Originally Posted by

**PiperAlpha167** First, you continue to refer to column vector 1, and ask how __it__ can be linearly independent.

When you say that, what do you have in mind? It doesn't make sense to me.

Certainly, if you throw any nonzero vector into a set by itself, you can say it is a linearly independent set.

(After all, for nonzero vector v, what is the only scalar, c, that will make cv = 0?)

But I don't see what it has to do with this problem.

Second, I claimed that the reduction could be carried out by eye.

Well, I'm sorry to say that I didn't do it myself correctly, so where do I get off suggesting that anyone else should be able to do it correctly?

Certainly, column 2 does not become a column of all zeros, as I claimed.

Trying again (with more care), I see that columns 1, 2, 3, 5 and 6 form a linearly independent set. This is in accord with the matlab result. You can see the unit pivots clearly in those five columns.

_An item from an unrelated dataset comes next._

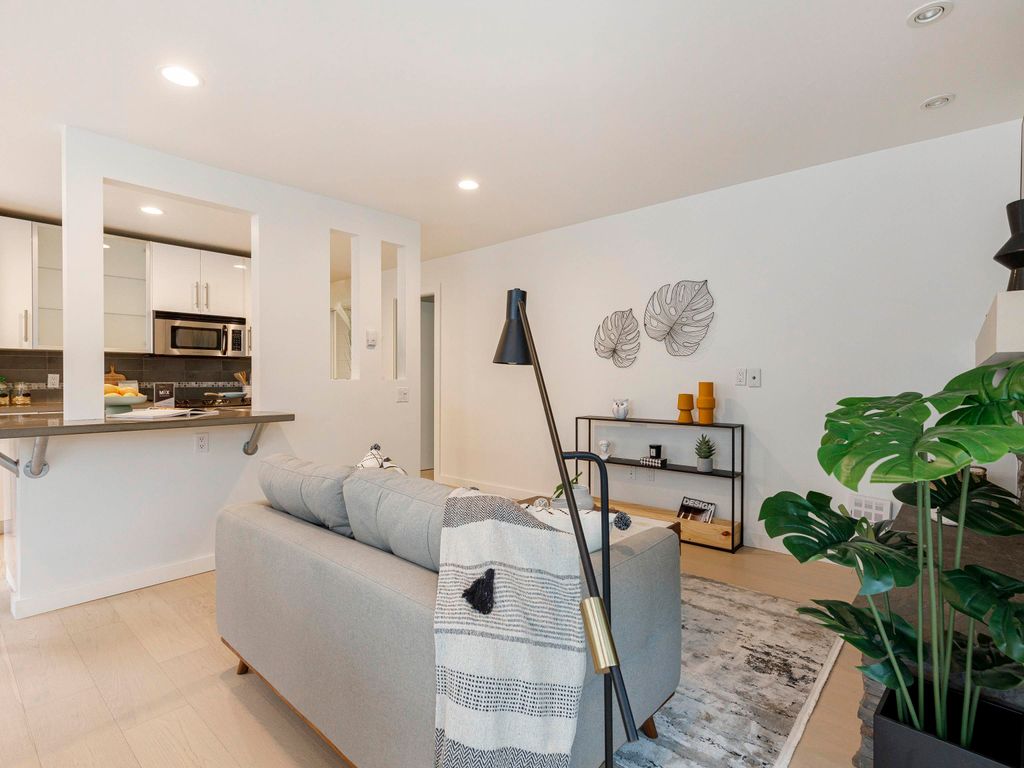 listing image 1104818425524599239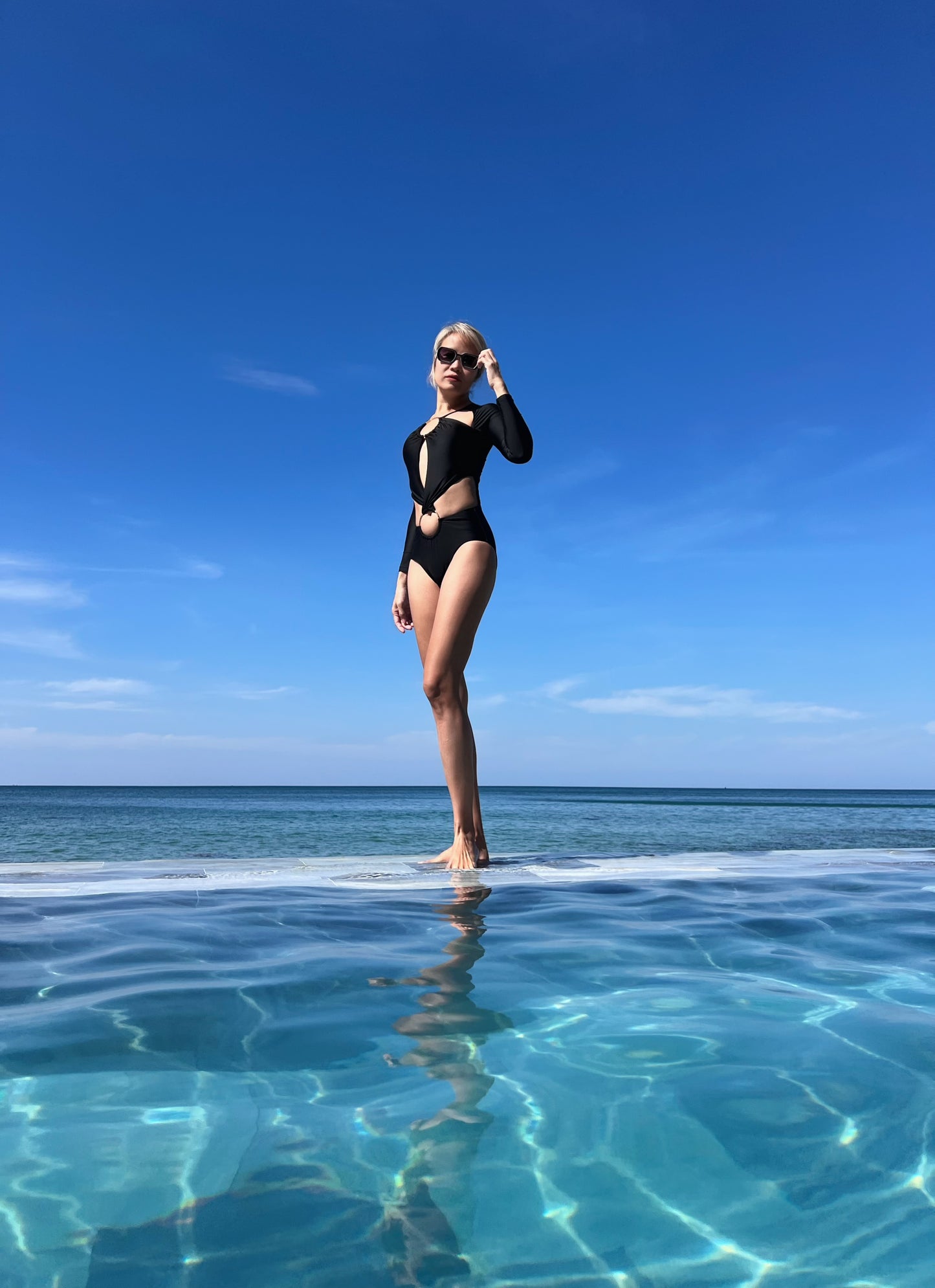 BHUSANAKAN SWIMWEAR รุ่น "Diana Long Sleeve" วันพีซแขนยาวสีดำ แต่งห่วงทอง และคัตเอาต์เก๋ๆ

So the rank of A is 5. Dimension of column space and row space is each 5; dimension of null space is 2; dimension of left-null space is 4.

Now I expect you will object again, since column 1 is still in this set.

And, you will ask again, how can __it__ be linearly independent.

I think you can answer this question yourself by noting that the column 4 vector is not in the above set.

P.S. I don't think I've made any claim about knowing something (or anything) that you don't already know concerning the notion of linear independence.

Have a good day.